Kegiatan berlangsung hangat dan menggelora ketika kiai Cholil memekikkan takbir dengan suara lantang. Ratusan peserta mengangkat kepalan tangan dan memekikan takbir sebagai simbol semangat perjuangan pendirian partai Islam ideologis dan kaffah.
Masyumi Reborn sepertinya meretas kembali jalan baru kepartaian yang pernah ada di zaman irde baru itu. Dari pemutaran film dokumenter, Masyumi pada 1938 seolah lahir kembali.
Namun, apakah akan hidup lagi Partai Masyumi? Waktu yang akan menjawab. Dari sekelompok orang yang hadir di aula Dewan Dakwah itu, sepertinya tidak ada halangan. Namun, kenyataannya di lapangan pasti banyak tantangan.
Suasana haru bertambah senyap ketika video dokumenter perjalanan Masyumi, mulai dari Madjlis Islam A’la Indonesia (MIAI) pada tahun 1938 didirikan. MIAI merupakan rekomendasi Kongres Umat Islam Indonesia saat itu.
Kerasnya ritme dan instrumen musik rancak mengiringi video perjuangan Masyumi hingga fusi ke dalam Partai Persatuan Pembangunan (PPP) tahun 1973. Tak sedikit, di tengah pemutaran video dokumenter, beberapa peserta spontan takbir.

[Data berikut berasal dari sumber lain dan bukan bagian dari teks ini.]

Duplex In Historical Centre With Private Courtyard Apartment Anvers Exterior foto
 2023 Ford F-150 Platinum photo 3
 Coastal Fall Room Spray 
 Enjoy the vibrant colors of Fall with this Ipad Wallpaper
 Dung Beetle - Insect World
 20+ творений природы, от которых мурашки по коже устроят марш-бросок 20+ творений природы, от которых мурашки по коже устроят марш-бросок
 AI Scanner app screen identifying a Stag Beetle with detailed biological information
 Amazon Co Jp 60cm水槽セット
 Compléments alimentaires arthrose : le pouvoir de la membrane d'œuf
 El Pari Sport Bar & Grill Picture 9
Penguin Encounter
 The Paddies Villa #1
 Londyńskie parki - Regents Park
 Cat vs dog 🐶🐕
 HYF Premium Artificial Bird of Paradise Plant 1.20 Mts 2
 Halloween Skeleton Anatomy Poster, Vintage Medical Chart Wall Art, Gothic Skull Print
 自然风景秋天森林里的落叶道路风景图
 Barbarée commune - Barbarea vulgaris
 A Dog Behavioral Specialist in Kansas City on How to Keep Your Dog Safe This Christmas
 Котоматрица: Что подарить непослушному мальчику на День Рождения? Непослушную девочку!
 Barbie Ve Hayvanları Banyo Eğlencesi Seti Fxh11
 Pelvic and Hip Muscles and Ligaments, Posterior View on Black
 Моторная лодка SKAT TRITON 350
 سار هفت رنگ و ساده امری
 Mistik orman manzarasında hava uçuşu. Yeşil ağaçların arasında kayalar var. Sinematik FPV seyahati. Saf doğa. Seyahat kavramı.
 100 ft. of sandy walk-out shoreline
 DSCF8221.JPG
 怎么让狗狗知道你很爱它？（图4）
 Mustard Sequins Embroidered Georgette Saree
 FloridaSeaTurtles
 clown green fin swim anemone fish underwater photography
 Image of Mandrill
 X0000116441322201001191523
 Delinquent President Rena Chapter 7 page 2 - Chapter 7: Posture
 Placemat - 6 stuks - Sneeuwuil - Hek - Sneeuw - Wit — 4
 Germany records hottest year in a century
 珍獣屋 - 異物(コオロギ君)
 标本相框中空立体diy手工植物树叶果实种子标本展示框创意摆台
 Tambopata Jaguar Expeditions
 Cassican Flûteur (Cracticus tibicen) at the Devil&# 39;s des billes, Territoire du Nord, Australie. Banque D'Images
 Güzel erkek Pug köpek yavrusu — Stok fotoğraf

Jelang zuhur, dua narasumber, yaitu Babe Saidi Ridwan dan Bachtiar Chamsjah sempat memantik jalannya urun rembuk dan diskusi nasional. Selepas zuhur kegiatan diskusi berjalan hingga mendekati waktu ashar.
Beberapa peserta di bagian belakang sempat menyela dan melambaikan tangan isyarat interupsi, mereka ingin mempertegas target dari kegiatan Masyumi Reborn ini. “Targetnya apa Pak Moderator? Langsung saja sampaikan,” kata salah seorang peserta dengan tampilan meyakinkan.
Namun moderator Ahmad Yani tidak menjawab tegas. Dia hanya menyampaikan bahwa saat ini masih momentum untuk urun rembuk dan saling bertukar gagasan. Adapun hasilnya seperti apa, nanti akan disepakati para ulama dan majelis syura.
Kegiatan Masyumi Reborn ditutup dengan saling bersalam-salaman antarpeserta. Beberapa, meminta berswafoto dengan para narasumber. (Aza)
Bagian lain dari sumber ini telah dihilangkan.